:: Study material ::
============
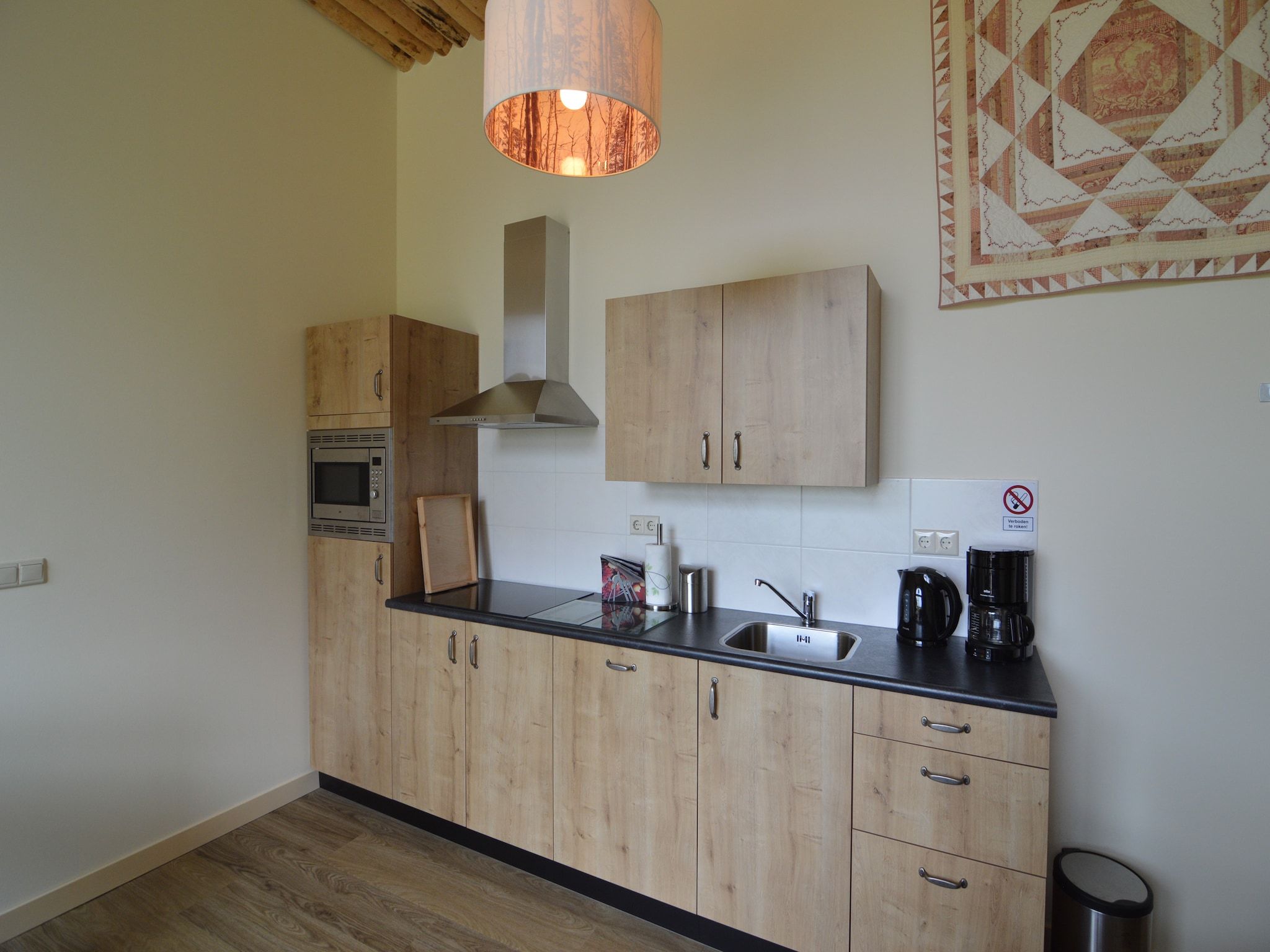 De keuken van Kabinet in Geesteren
============
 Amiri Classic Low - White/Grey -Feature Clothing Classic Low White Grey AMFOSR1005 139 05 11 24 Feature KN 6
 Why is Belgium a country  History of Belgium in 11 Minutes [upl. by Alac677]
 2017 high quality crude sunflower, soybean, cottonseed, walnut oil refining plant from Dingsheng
============
:: Assignment ::
Leave out every line above except those from the line with "Why is Belgium" up to and including the line with "2017 high quality", and copy those exactly.

:: Solution below ::
 Why is Belgium a country  History of Belgium in 11 Minutes [upl. by Alac677]
 2017 high quality crude sunflower, soybean, cottonseed, walnut oil refining plant from Dingsheng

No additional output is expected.